TASK MATERIAL section start
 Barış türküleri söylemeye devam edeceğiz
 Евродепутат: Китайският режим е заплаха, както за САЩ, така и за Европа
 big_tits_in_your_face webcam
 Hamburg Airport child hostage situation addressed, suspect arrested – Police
TASK MATERIAL section end
TASK MATERIAL section start
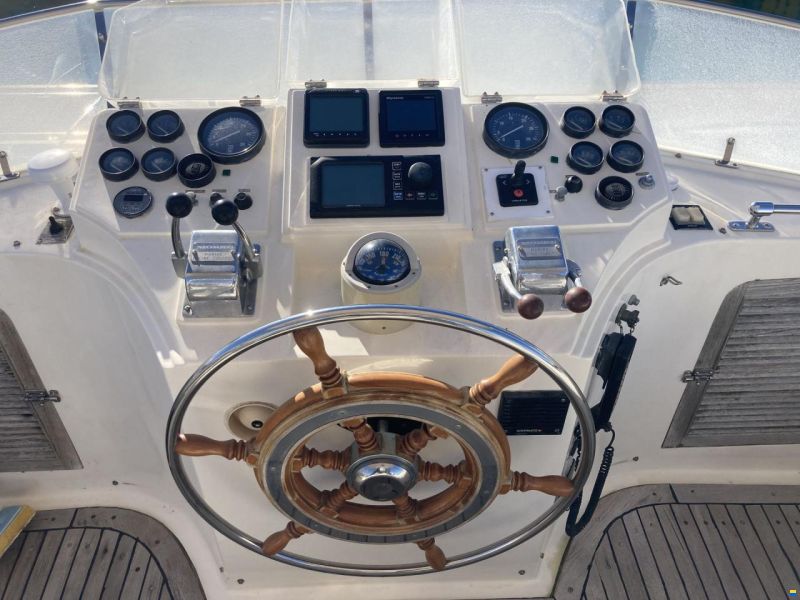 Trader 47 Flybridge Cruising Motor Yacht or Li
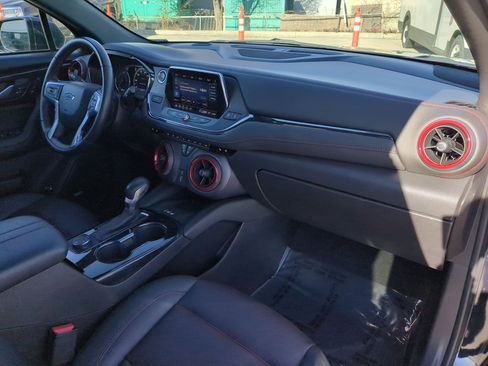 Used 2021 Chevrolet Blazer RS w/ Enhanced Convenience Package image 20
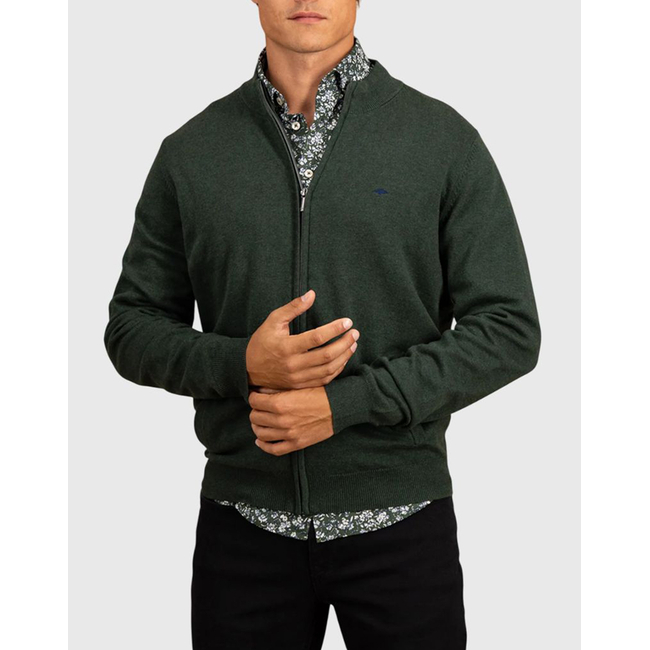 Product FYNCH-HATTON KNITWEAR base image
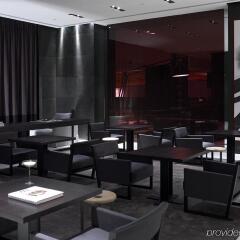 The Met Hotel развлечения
TASK MATERIAL section end
■ **PROBLEM**
Of the records above, print only the lines from the one containing "Product FYNCH-HATTON KNITWEAR base image" through the one containing "The Met Hotel развлечения", inclusive and unaltered, leaving out pictures.

■ **WRITTEN RESPONSE**
 Product FYNCH-HATTON KNITWEAR base image
 The Met Hotel развлечения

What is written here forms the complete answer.